What you have to do ▸ The copy must match the data word for word and contain no pictures.

────────────────

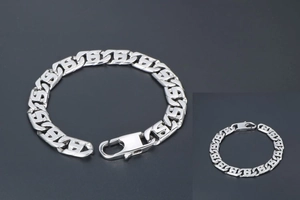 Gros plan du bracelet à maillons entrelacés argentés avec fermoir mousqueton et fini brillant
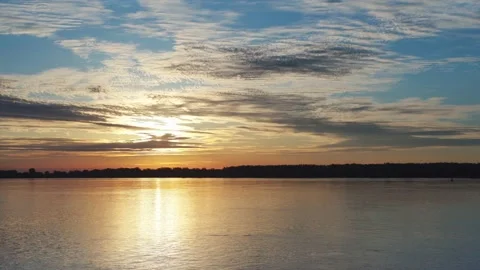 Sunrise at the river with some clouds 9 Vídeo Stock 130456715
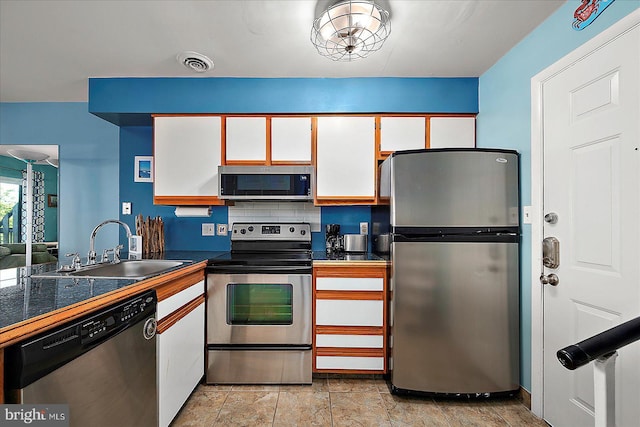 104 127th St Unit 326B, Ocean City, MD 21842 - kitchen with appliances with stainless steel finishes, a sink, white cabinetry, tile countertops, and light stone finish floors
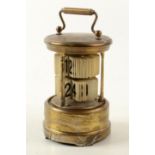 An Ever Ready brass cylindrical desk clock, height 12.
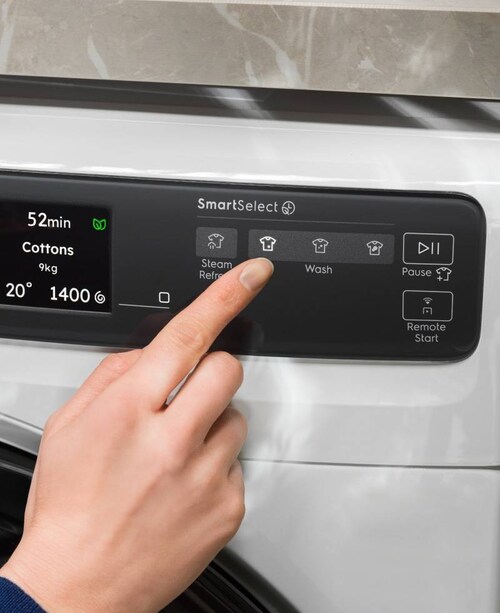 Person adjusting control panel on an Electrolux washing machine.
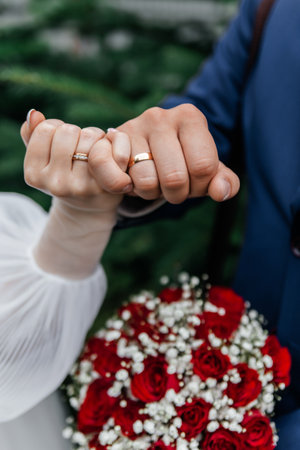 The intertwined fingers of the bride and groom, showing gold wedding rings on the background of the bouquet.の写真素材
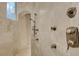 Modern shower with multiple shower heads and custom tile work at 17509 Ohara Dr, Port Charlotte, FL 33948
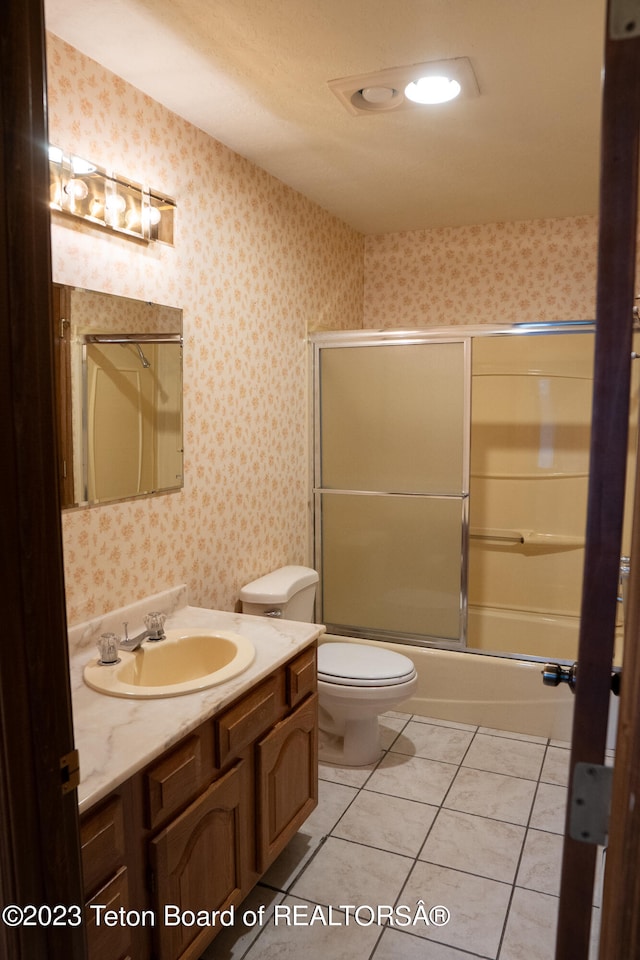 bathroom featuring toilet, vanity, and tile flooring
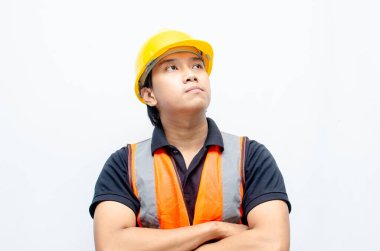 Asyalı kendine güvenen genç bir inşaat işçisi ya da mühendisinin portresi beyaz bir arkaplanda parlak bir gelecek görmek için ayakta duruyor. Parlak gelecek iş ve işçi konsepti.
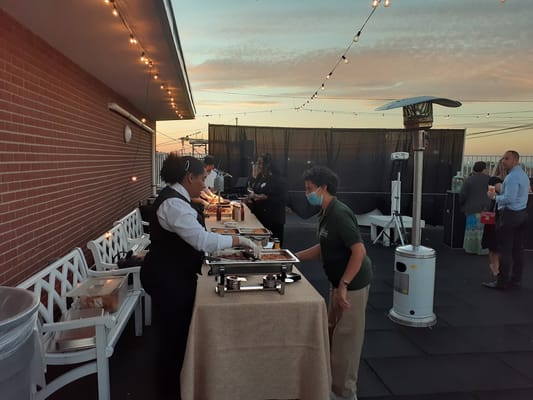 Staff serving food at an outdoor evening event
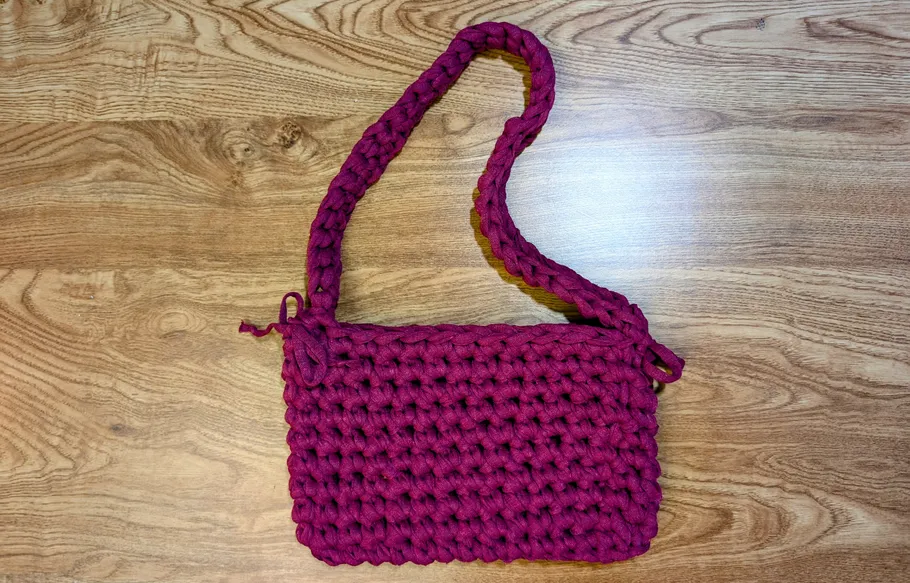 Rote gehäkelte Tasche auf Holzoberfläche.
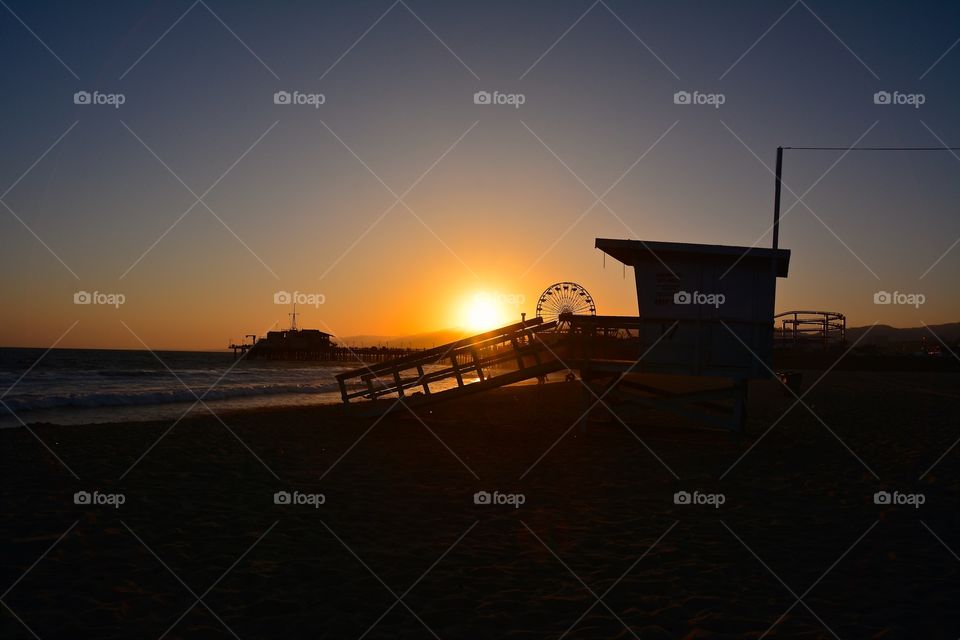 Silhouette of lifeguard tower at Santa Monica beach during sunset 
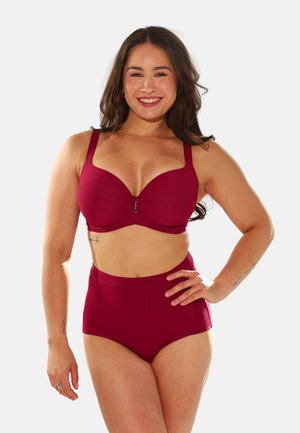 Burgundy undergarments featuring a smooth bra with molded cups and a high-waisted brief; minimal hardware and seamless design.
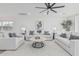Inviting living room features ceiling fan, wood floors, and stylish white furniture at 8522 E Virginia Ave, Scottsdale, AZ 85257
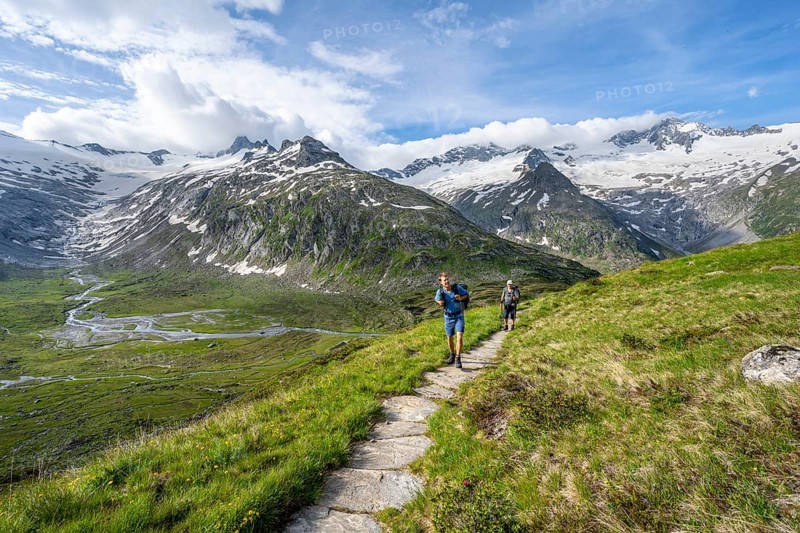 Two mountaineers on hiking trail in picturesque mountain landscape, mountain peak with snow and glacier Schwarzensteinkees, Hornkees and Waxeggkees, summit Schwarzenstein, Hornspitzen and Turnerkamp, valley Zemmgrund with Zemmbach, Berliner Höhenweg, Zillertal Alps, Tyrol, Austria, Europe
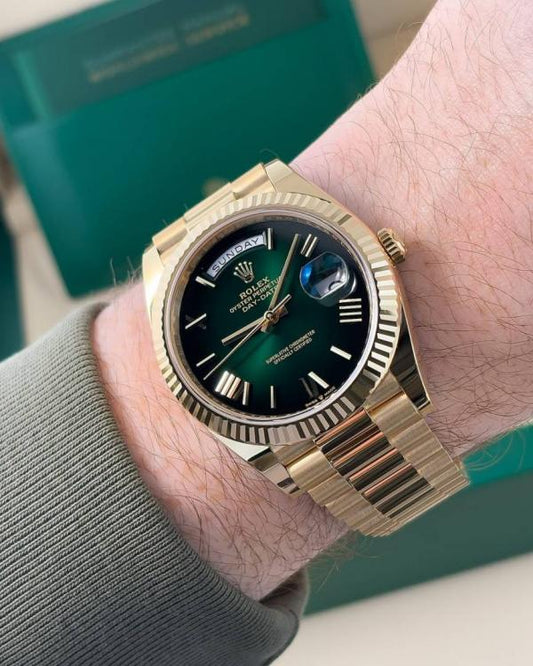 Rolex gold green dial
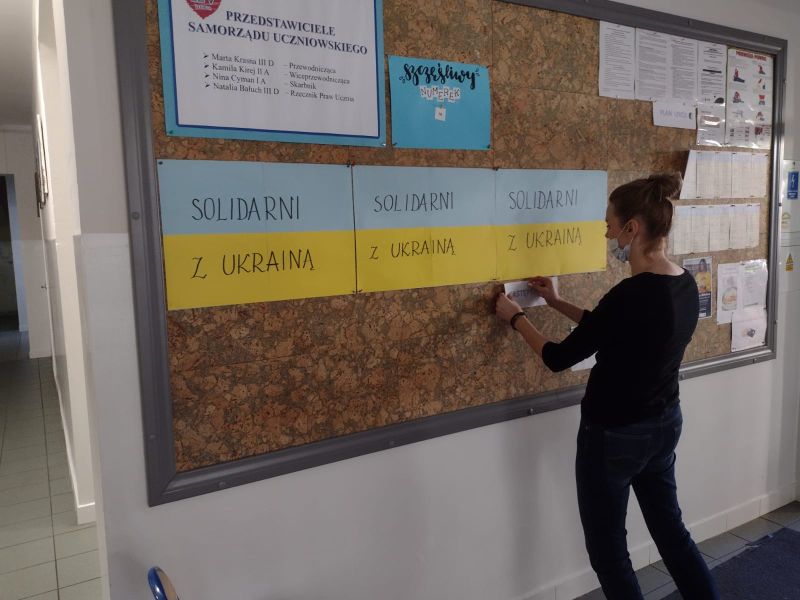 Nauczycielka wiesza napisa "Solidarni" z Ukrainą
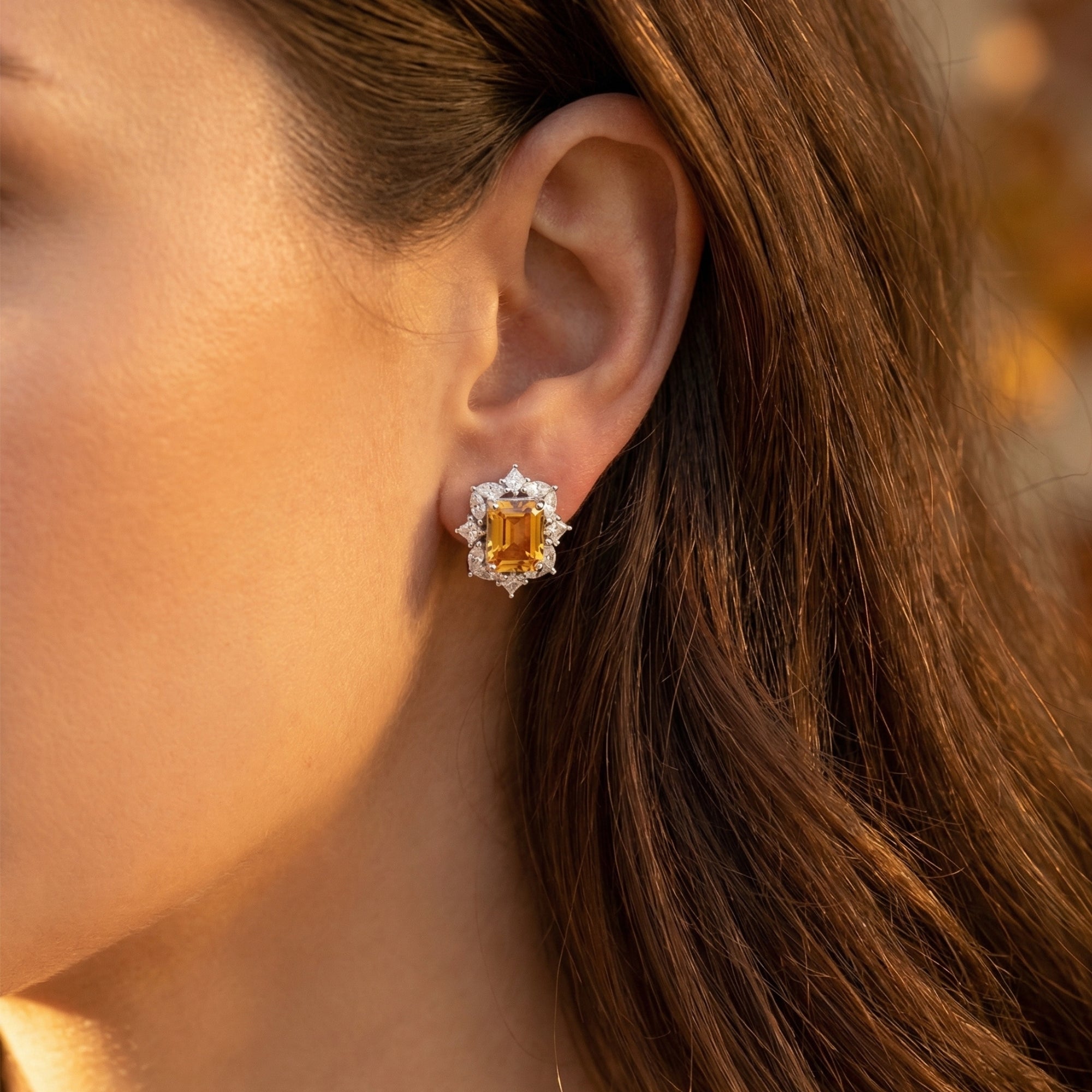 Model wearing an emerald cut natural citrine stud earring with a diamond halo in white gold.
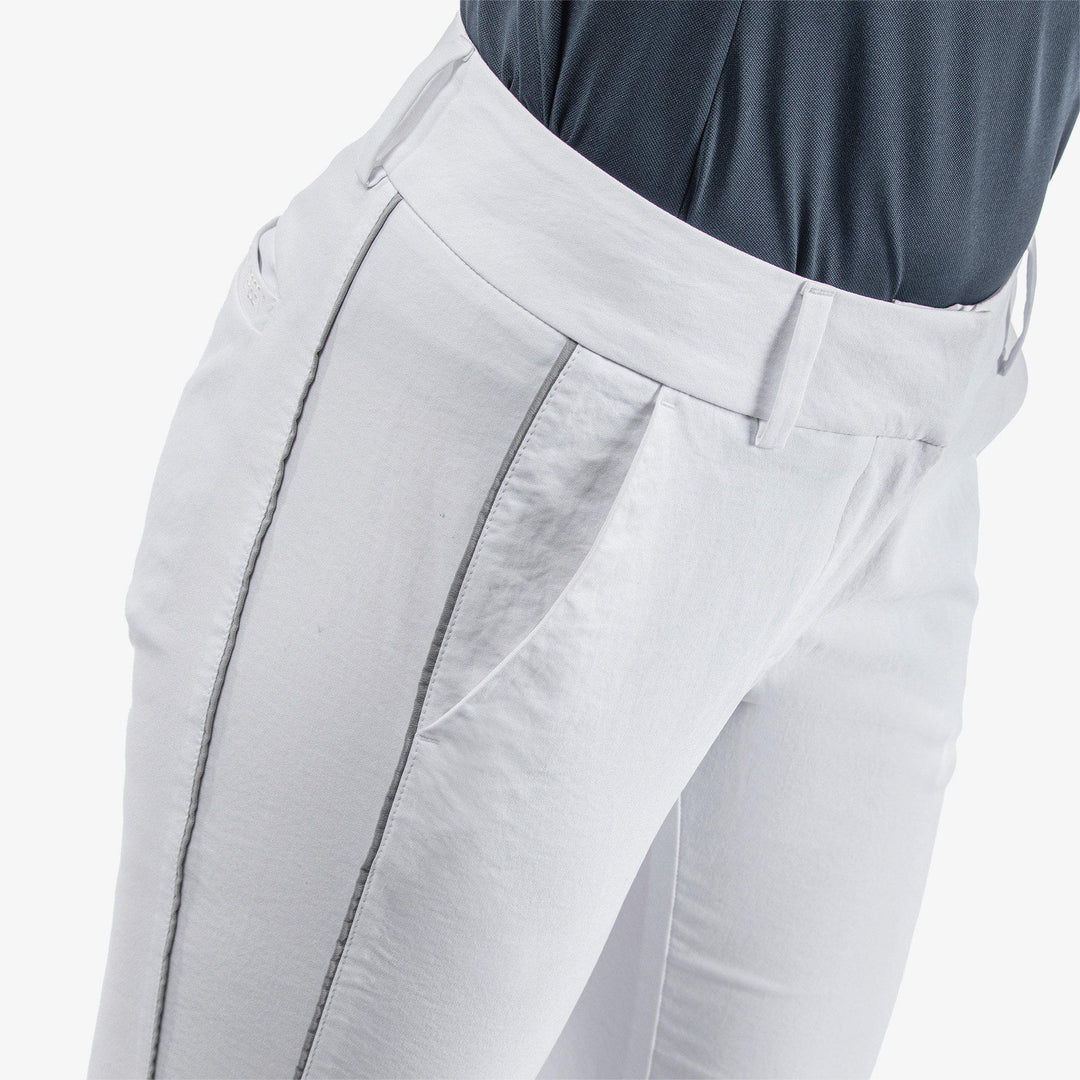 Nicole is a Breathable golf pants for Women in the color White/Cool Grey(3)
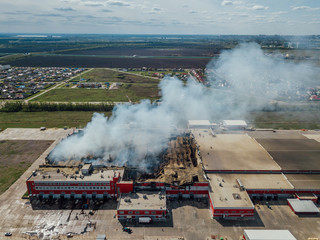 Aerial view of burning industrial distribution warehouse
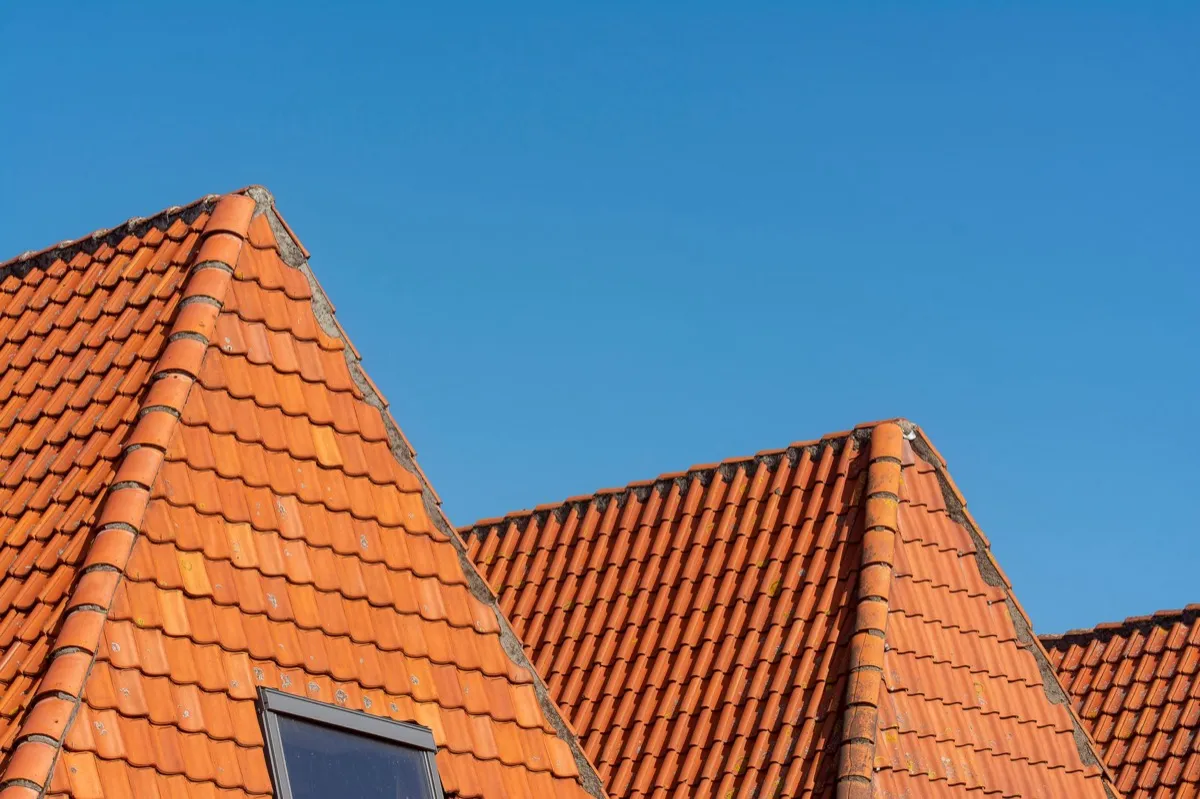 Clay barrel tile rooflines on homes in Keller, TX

────────────────

Answer box ▸
 Gros plan du bracelet à maillons entrelacés argentés avec fermoir mousqueton et fini brillant
 Sunrise at the river with some clouds 9 Vídeo Stock 130456715
 104 127th St Unit 326B, Ocean City, MD 21842 - kitchen with appliances with stainless steel finishes, a sink, white cabinetry, tile countertops, and light stone finish floors
 An Ever Ready brass cylindrical desk clock, height 12.
 Person adjusting control panel on an Electrolux washing machine.
 The intertwined fingers of the bride and groom, showing gold wedding rings on the background of the bouquet.の写真素材
 Modern shower with multiple shower heads and custom tile work at 17509 Ohara Dr, Port Charlotte, FL 33948
 bathroom featuring toilet, vanity, and tile flooring
 Asyalı kendine güvenen genç bir inşaat işçisi ya da mühendisinin portresi beyaz bir arkaplanda parlak bir gelecek görmek için ayakta duruyor. Parlak gelecek iş ve işçi konsepti.
 Staff serving food at an outdoor evening event
 Rote gehäkelte Tasche auf Holzoberfläche.
 Silhouette of lifeguard tower at Santa Monica beach during sunset 
 Burgundy undergarments featuring a smooth bra with molded cups and a high-waisted brief; minimal hardware and seamless design.
Inviting living room features ceiling fan, wood floors, and stylish white furniture at 8522 E Virginia Ave, Scottsdale, AZ 85257
 Two mountaineers on hiking trail in picturesque mountain landscape, mountain peak with snow and glacier Schwarzensteinkees, Hornkees and Waxeggkees, summit Schwarzenstein, Hornspitzen and Turnerkamp, valley Zemmgrund with Zemmbach, Berliner Höhenweg, Zillertal Alps, Tyrol, Austria, Europe
 Rolex gold green dial
 Nauczycielka wiesza napisa "Solidarni" z Ukrainą
 Model wearing an emerald cut natural citrine stud earring with a diamond halo in white gold.
 Nicole is a Breathable golf pants for Women in the color White/Cool Grey(3)
 Aerial view of burning industrial distribution warehouse
 Clay barrel tile rooflines on homes in Keller, TX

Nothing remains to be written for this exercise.